Communion as Sacrament

Communion

John Mark Hicks was a professor of mine at grad school and has written some very good books on communion. His book Enter the Water Come To the Table is an excellent book on communion. I’ve always heard communion referred to as one of the “acts of worship.” Unlike most denominations, we celebrate communion every Sunday. I think viewing it as an “act of worship” is OK, but it’s not completely sufficient. Communion, also known as the Lord’s Supper, is a proclamation of the Lord’s death until he comes. Jesus took the Passover, which was meant to memorialize the saving event of God passing over the Israelite homes and sparing the firstborn sons, and gave it new meaning. Passover continues the story of God’s salvation and applies it to Jesus, the sacrificial Lamb of mankind.

Hicks argues that communion is not merely an ordinance, because “ordinances are often regarded as mere acts of human obedience” (pg. 12). While, in one sense, communion is an ordinance, Hicks argues that it’s also a sacrament. He says that the central idea of sacrament is that “God acts through appointed means to impart grace, assurance, and hope” (pg. 12).

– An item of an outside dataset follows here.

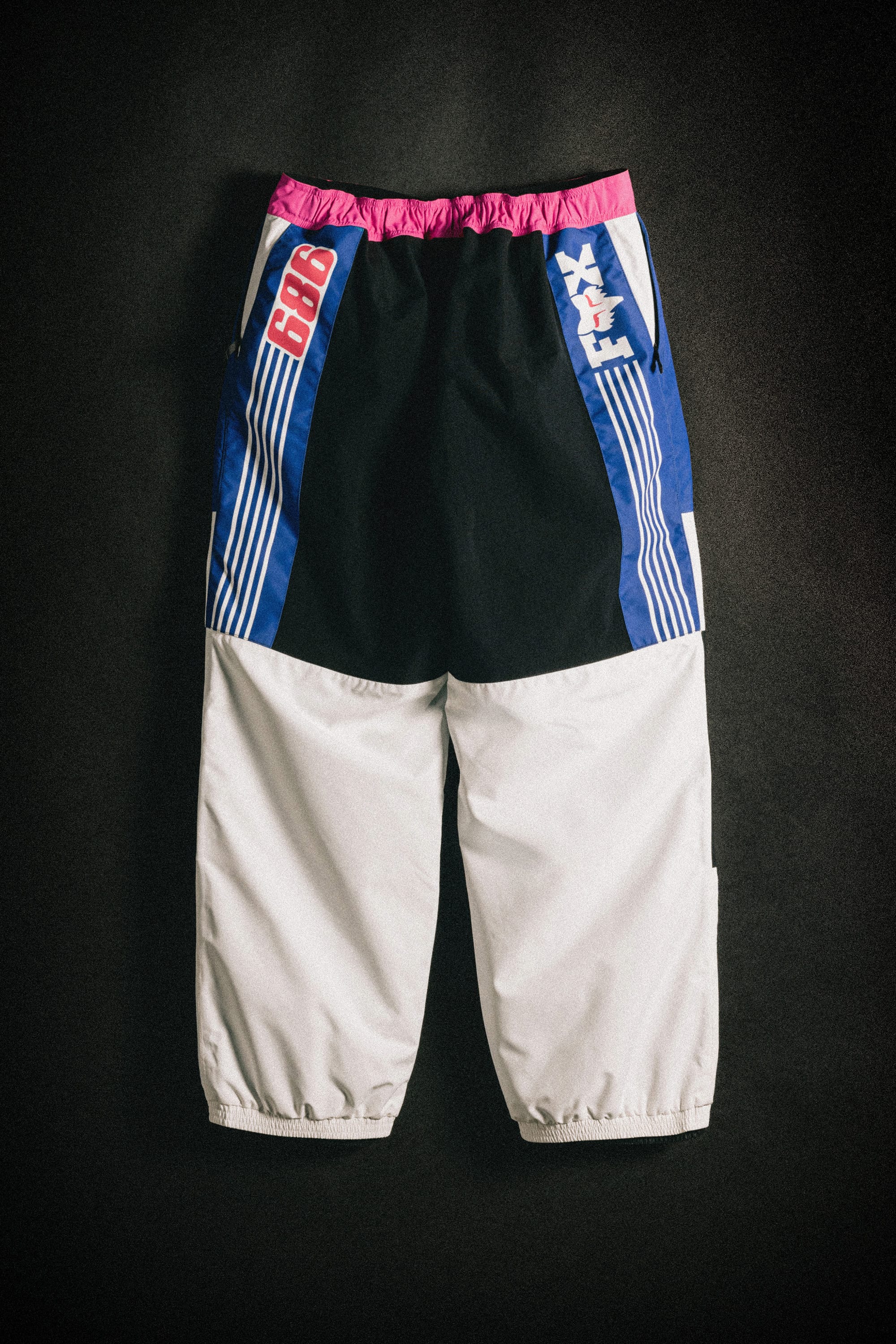 The 686 Men's Fox Racing Shell Pant by 686 features a pink elastic waistband, black upper, blue side panels with white stripes and text, and light gray lower legs, shown against a dark background.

In other words, when we, the body of Christ, participate in communion God is acting through this means to impart grace, assurance, and hope. It’s more than remembering; it’s about participating with and communing at God’s banquet.

Very significantly, Hicks also rightly points out that “Jesus himself, as the Incarnate God, participated in Israel’s sacramental journey. He was baptized with Israel, assembled with Israel in its festive celebrations (Sabbaths, Passovers, Feast of Tabernacles, etc.), and ate at those tables” (pg. 15).

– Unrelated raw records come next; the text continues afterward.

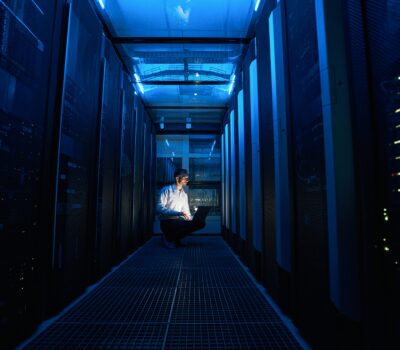 IT professional monitoring data-driven security in a modern server room to prevent downtime.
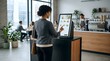 © Ethan - Professional woman using self-service kiosk to order food in a modern cafe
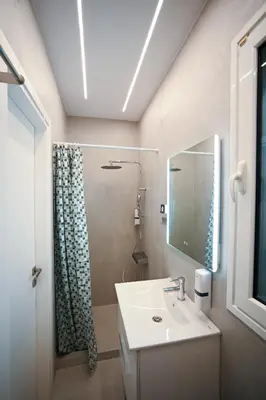 a bathroom with a sink and a shower with a mirror at Museum Family Apartment by Zeussuites in Athens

For Hicks, there are three important themes to God’s story where we all participate in communion with God. Those are baptism, the Lord’s supper, and assembly. He says that these three are “dramatic rehearsals of the story through which God renews communion, empowers transformation, and realizes the future” (pg. 16). This cycle of death (burial) new birth (emergence/passing through) and resurrection (future) can be seen over and over, beginning with creation. Our participation in baptism, the Lord’s supper, and the assembly bind us in communion with God and we retell the story of salvation.

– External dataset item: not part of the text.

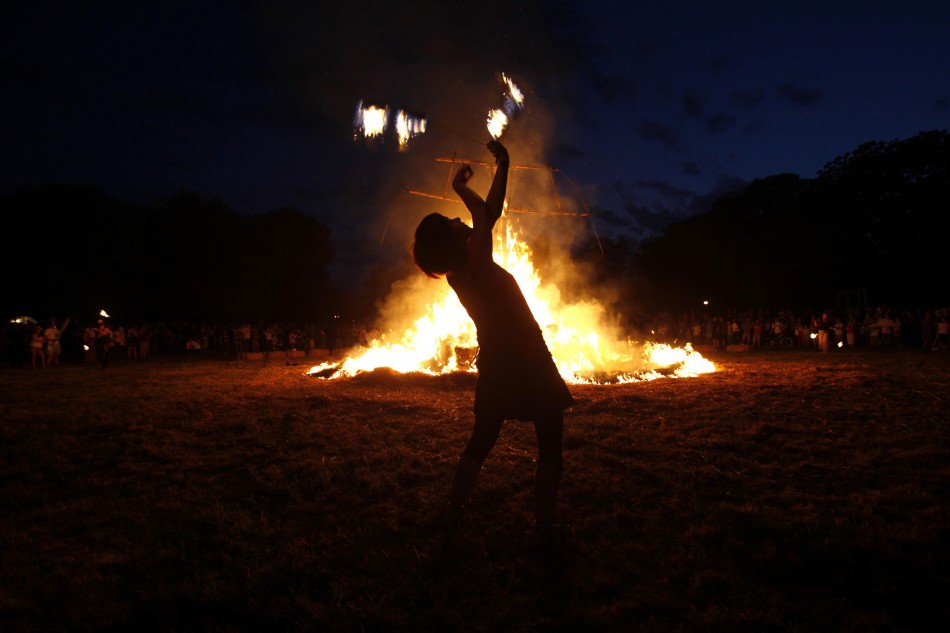 An artist plays with fire during the 7th Straw - Land Art Festival in Osijek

Peter binds Christian baptism to Christ and the Flood narrative. He says that in the ark, only 8 people were saved as they passed through the water (death below the water, emergence/passing through with God on the ark, look to the future). “Baptism, which corresponds to this, now saves you, not as removal of dirt from the body but as an appeal to God for a good conscience, through the resurrection of Jesus Christ” (1 Peter 3:21). We commune with God and Christ in our baptism, just as Noah “passed through” the water to find new life as the old died and also just as the Israelites “passed through” the Red Sea to a new life as the Egyptians were swallowed up by the water.

So also, the Lord’s supper is where we participate in the death, burial, and resurrection of Christ and we experience His grace as he communes with us at the table. Paul says that, at the table, we proclaim Jesus Christ’s death until he comes. This is both an ordinance (what we do) and a sacrament (how God shows up and imparts his grace, assurance, and hope.